Fall further they did, that day and the next, before staging an extraordinary rebound on Thursday. But the daily gyrations are only of interest to traders. For everyone else in the world, especially the oil producing countries, what really matters is the trend — which has, of course, been relentlessly and powerfully downwards.
Most of the world has not yet adjusted to sub-$40 per barrel oil, and here we are at sub-$30 prices. The markets have run far ahead of the analysts who are supposed to forecast and explain it — and the latter, in a desperate effort to get ahead of the game, have begun airing predictions of ‘$20 oil’ and even of ‘$10 oil’. Given the massive oversupply — to the point where the world is luridly depicted as “drowning in oil” — these forecasts cannot be dismissed, but their primary purpose is simply to shock. This attracts headlines and coverage, as well as providing cover for their authors, both against their past failure to predict the severity of the collapse to date and going forward, in the still-unlikely event that prices do indeed sink so low.
However, the critical consideration in the oil market is not how low prices go, but how long they stay very low. True, the definition of ‘very low’ varies from country to country, because production costs in the Saudi, Iraqi and Iranian fields are a tiny fraction of those in offshore fields in the North Sea, the Gulf of Mexico and other expensive and inaccessible places. But for any given price level — whether $100 or $10 — there are fields which, once prices fall beneath that level, generate losses for their operators.
More dependence, no diversification
By the same token, every country has its own levels of taxation and royalties which the government takes from the oil companies — even, or especially, if it owns them. Most critically, for each of these countries, the degree to which the state budget is dependent on these oil-based revenues varies. But what is true for every major oil-producing country in the world is that its reliance on oil (and/or natural gas in many cases) has increased over the last 10-15 years, during the period of the energy and commodity boom.
Thus the story of the 1970s has played out again, on an even larger scale: instead of utilizing the enormous revenues pouring in from oil and gas to diversify their economies into other areas and thereby reduce their dangerous dependency on energy production, almost every major energy-producing country has preferred to shoot itself in the foot and arm. On the one hand, it has done little or nothing to diversify its sources of income, and on the other it has channeled the wealth into subsidies and other give-aways which have weakened, rather than strengthened, its economy and society.

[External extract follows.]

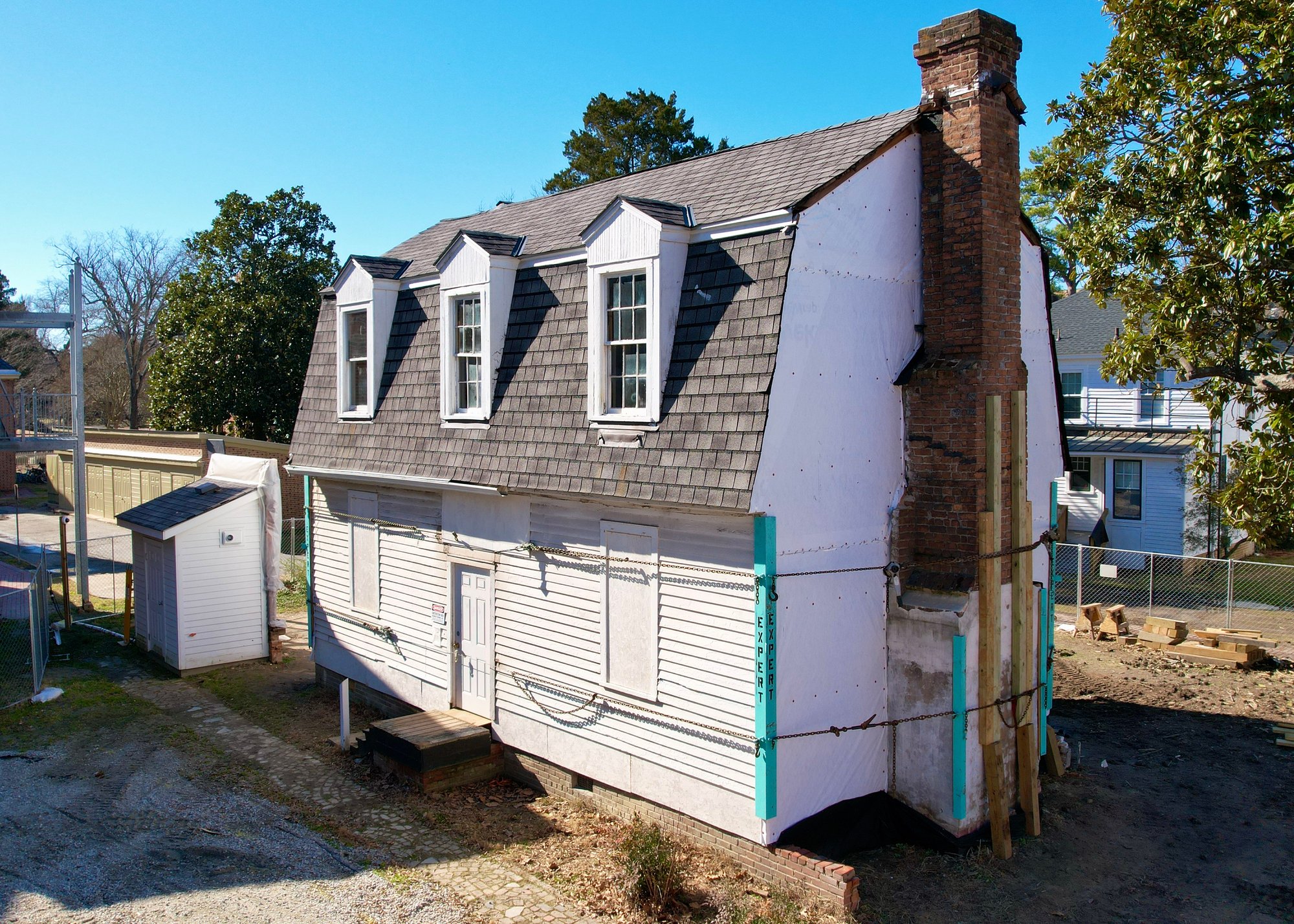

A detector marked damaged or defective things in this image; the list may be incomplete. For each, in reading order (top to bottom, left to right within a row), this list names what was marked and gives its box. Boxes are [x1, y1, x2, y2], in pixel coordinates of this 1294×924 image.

damaged chimney brickwork [906, 8, 1025, 582]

This generalization holds true across a remarkably wide swathe of countries, societies and political systems. Norway and Nigeria have little in common other than their energy dependence — but that is enough to put them in the same boat. There they will find, among their fellow-passengers, both Saudi Sunni extremists and Iranian Shi’ite fanatics — who are not only co-religionists (in the rest of the world’s eyes, if not their own) but co-reliers on oil to keep their regimes in power and their populations reasonably placid.
Bye bye, World Cups
Other berths are occupied by geographically gigantic Russia and postage-stamp Qatar, who at least can put their heads together to figure out how on earth they are going to deliver on their commitments to host the World Cup in respectively, 2018 and 2022. Fortunately for them, their man Sepp Blatter is gone, so they can hope that their ill-gotten honor of hosting the events will be taken from them — a disgrace, no doubt, but a minor and almost welcome one compared to having to admit that they simply can’t afford it any more.
The inability to put on massive spectacular events is a simple, obvious and very public example of the fallout from the fall. We may well see an early example this summer in Brazil, a country which is already in deep economic funk and hence unlikely to be able to deliver an impressive Olympic Games — and quite possibly not even a functional one either.
But the fallout from the oil/ energy/ commodities collapse will extend far beyond the ability to stage grand circuses. For all the developing countries, the focus of the masses is going to be on bread, not circuses. The five years since the ‘Arab Spring’ erupted have demonstrated the hopeless situation of governments that have been unable to provide basic sustenance for their populations, or divert their distress into nationalist campaigns or outright wars. Yet for most of that time, money was available from one source or another, with which to attempt to hold the line — albeit with very mixed results.
Now there is no-one left with either the will or the wherewithal — let alone both — to keep the show going, even if they want to. Everywhere, the public — after losing confidence in the organizers — is heading for the exits.